**PROBLEM STATEMENT**
The material below includes pictures; leave them out and return only the lines between the line containing "龍魚單養(yǎng)一條好嘛,需要配其它魚嗎 龍魚百科" and the line containing "The Rose & Crown by null", inclusive, word for word.

**GIVEN DATA**
==============================
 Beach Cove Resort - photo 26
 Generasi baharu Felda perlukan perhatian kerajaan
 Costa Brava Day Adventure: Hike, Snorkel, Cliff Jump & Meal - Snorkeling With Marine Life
==============================
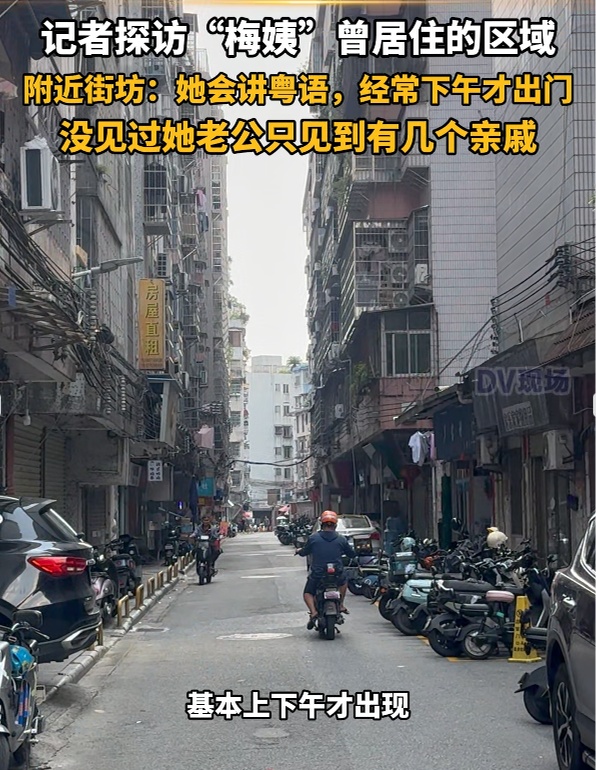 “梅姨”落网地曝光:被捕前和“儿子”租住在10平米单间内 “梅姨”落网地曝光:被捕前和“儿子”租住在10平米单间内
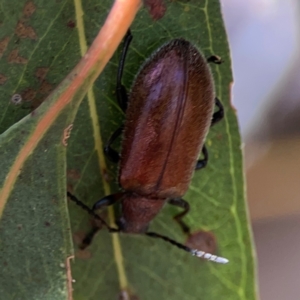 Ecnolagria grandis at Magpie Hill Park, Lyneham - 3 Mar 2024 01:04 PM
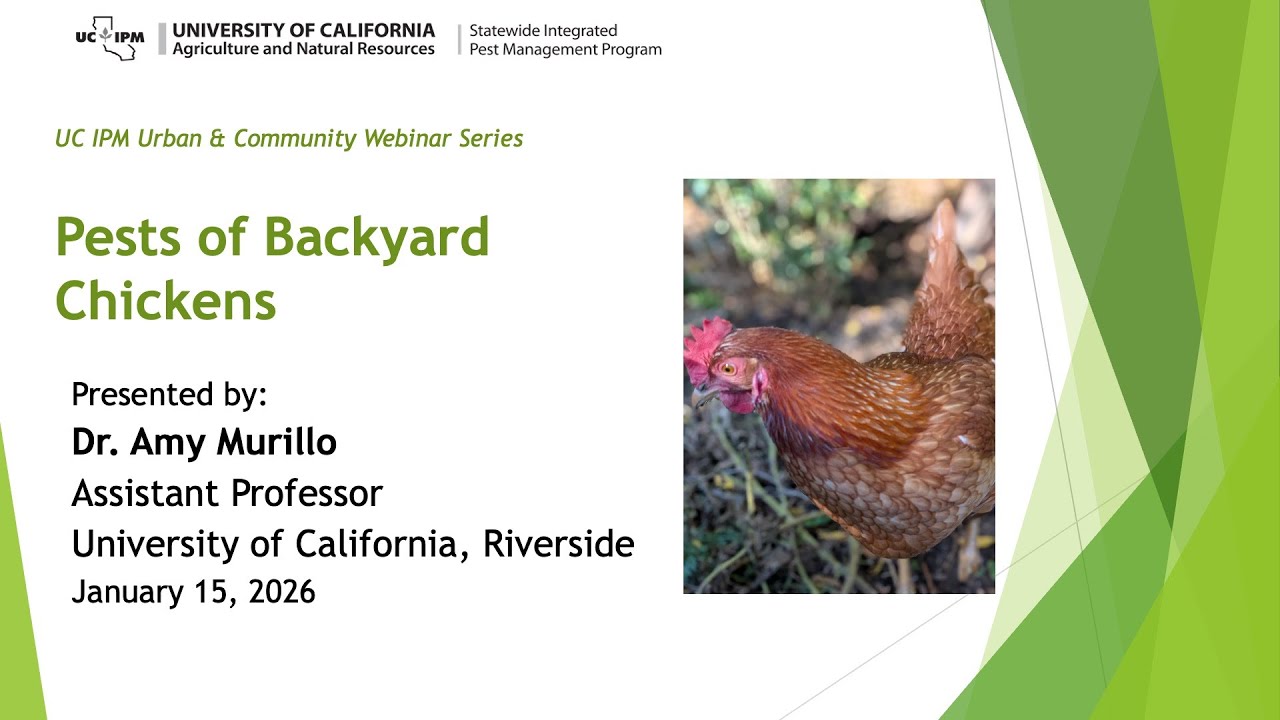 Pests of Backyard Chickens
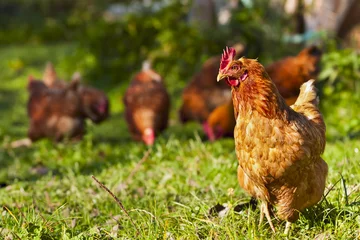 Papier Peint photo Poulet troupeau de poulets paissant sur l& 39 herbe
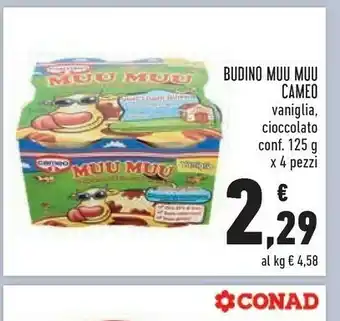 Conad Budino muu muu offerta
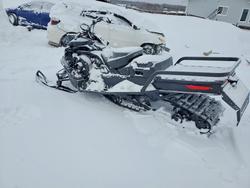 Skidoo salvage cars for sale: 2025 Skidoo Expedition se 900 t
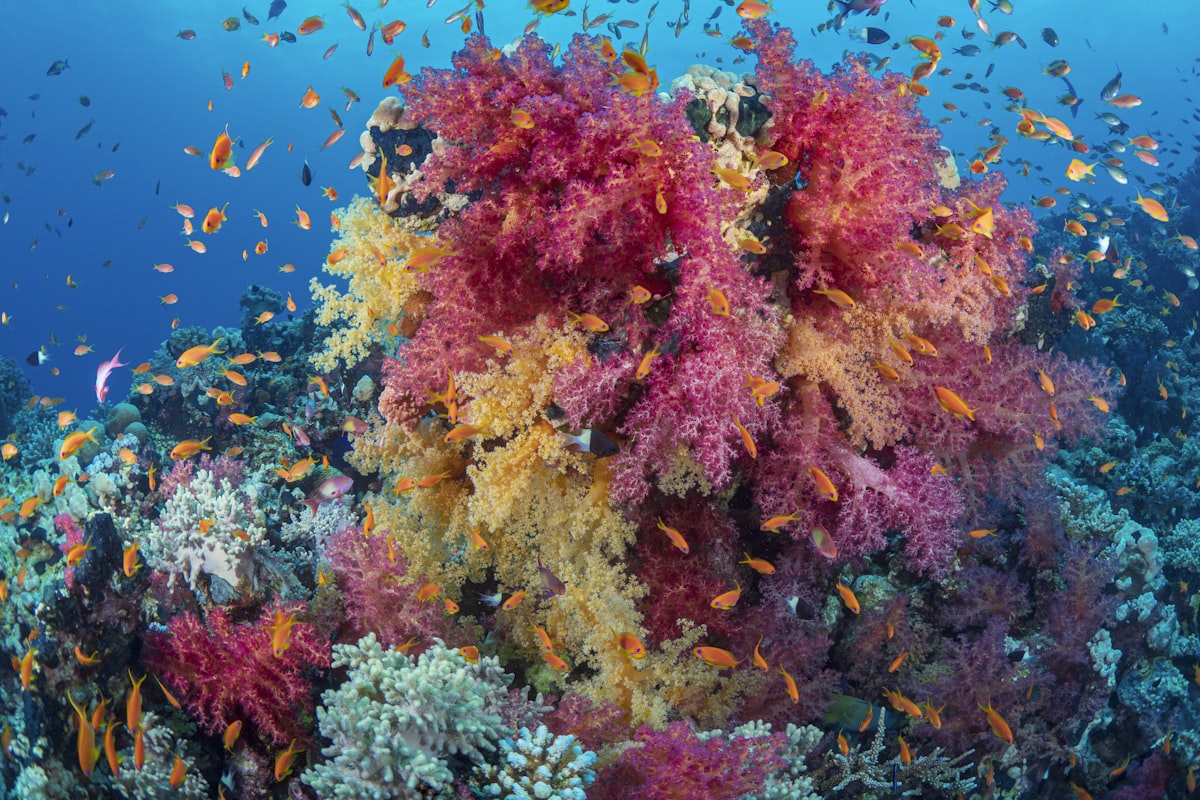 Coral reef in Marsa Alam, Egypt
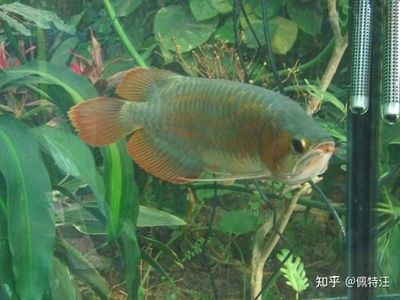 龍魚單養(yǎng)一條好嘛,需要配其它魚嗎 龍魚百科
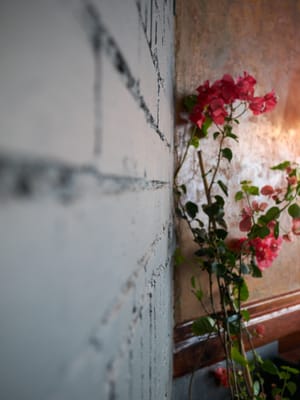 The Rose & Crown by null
==============================
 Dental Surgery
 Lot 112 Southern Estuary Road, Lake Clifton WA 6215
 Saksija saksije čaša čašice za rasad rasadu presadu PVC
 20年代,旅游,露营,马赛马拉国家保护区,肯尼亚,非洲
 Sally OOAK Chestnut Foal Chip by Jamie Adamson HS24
==============================
**SOLUTION BELOW**
 龍魚單養(yǎng)一條好嘛,需要配其它魚嗎 龍魚百科
 The Rose & Crown by null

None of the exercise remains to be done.